Assises des P.-O : 12 ans pour un tabassage mortel

« J’ai tué mon meilleur ami »

Etrange procès où magistrats et ministère public semblent plaindre tout autant la victime que le présumé coupable. Procès d’Assises inhabituel encore, puisque le banc des parties civiles est resté vide. La famille du défunt n’ayant pas voulu accabler un ami de leur fils, qui, vu leur vie d’alcoolémie et de toxicomanie « aurait pu tout aussi bien inverser les rôles et voir la victime devenir bourreau. »

 

Yanis, 23 ans, a suivi en quelques sortes les traces de son père comme l’expliquera Me Catherine Barrère dans son plaidoyer. Un papa alcoolique qui dénigrait son fils qu’il se plaisait à l’humilier et qui finira par le précipiter à la rue découvrir les mille et une façons de se droguer. Regis, 29 ans, est un enfant adopter, un fils aimé, mais l’attrait de la rue sera le plus fort. Il connaîtra les SDF à chiens, les mauvais alcools et s’intoxiquera avec tout ce qui lui tombera sous la main. Ce sont ces deux vies à la dérive qui se rencontreront dix ans auparavant au hasard de beuveries nocturnes. Ils se perdront de vue pour se retrouver et le plus chanceux hébergera le plus indigent. Regis viendra vivre chez Yanis. Alcool, haschich et méthadone pour les jours sans, héroïne pour les jours avec. La santé de Régis se dégrade, la cohabitation devient difficile.
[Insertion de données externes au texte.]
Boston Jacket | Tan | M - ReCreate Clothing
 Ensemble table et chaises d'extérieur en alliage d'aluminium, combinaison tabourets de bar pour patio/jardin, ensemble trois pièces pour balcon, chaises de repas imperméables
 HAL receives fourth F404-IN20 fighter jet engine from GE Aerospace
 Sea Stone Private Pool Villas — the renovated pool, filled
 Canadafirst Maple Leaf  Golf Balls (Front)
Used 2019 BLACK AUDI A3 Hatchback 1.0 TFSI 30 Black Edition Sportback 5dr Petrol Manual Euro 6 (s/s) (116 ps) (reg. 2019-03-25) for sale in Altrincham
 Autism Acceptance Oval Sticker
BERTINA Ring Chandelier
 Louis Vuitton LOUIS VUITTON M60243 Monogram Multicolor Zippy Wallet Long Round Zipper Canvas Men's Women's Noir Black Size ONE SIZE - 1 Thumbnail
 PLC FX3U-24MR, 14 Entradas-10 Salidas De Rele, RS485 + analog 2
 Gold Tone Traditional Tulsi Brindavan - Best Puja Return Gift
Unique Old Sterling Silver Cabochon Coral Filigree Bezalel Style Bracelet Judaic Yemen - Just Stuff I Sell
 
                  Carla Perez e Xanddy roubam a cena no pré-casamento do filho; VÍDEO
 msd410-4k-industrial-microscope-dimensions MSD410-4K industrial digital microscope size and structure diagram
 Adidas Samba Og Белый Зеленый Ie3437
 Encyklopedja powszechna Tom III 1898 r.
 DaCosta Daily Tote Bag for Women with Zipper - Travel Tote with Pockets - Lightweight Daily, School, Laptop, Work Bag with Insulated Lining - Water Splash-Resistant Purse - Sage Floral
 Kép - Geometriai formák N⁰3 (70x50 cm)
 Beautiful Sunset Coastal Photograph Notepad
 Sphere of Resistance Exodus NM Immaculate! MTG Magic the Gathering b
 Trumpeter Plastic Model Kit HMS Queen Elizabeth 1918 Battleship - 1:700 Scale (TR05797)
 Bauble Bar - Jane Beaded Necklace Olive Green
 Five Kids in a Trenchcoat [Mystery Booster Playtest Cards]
Jusqu’au 4 novembre 2013, Regis est très malade, vomit beaucoup.

 

Une séparation difficile

 

Janis rend la séparation d’avec sa petite amie effective. Les cartons sont faits bien empilés, tout est près à être emporté. Janis souffre de cette séparation. Après une courte absence, il revient à l’appartement, Regis a tout mis sens dessus dessous. Les cartons sont ouverts, les affaires éparpillées. Ce qui va rendre la séparation encore plus difficile. Alors, il y a des cris puis des empoignades. Janis lui aussi a bu et pris du hachich, ses propres sens sont altérés. Lorsque Regis casse un porte-serviette, Janis utilise la barre de plastique comme d’une matraque et lui assène 6 à 8 coups. Puis laisse la victime de sa furie « dormir » sur sa paillasse. Mais un des coups a blessé la rate. Lentement la plaie va saigner et entrainer la mort. Janis, persuadé que son copain cuve drogues et alcools le traine sur sa couche dans le couloir. Lorsque, plusieurs heures plus tard, il découvre qu’il n’a toujours pas bougé, il comprend que son état est grave et appelle les secours. Trop tard. L’avocat général, Bruno Albouy, dans un réquisitoire magistral, conclura, « l’inventaire des biens de la victime est édifiant et récapitule ce qui a été sa vie », une chemise, un jean, rien. Mais le ministère public soulignera aussi le repenti de l’accusé qui souligne une conscience et une lucidité qui permet tous les espoirs à sa sortie de prison. Le psychiatre qui œuvre auprès des prisons depuis des décennies dans son expertise déclare « croire les regrets exprimés authentiques », ce n’est pas si commun. Mais la générosité du ministère public à ses limites et il requiert de 13 ans de réclusions – 20 encourus – avec un suivi socio-judiciaire pendant 5 ans et une peine de deux ans supplémentaires, s’il n’était pas respecté. Verdict : 12 ans, Janis étant primo délinquant et ayant déjà accompli quatre ans et demi d’incarcération préventive, peut espérer sortir dans six mois.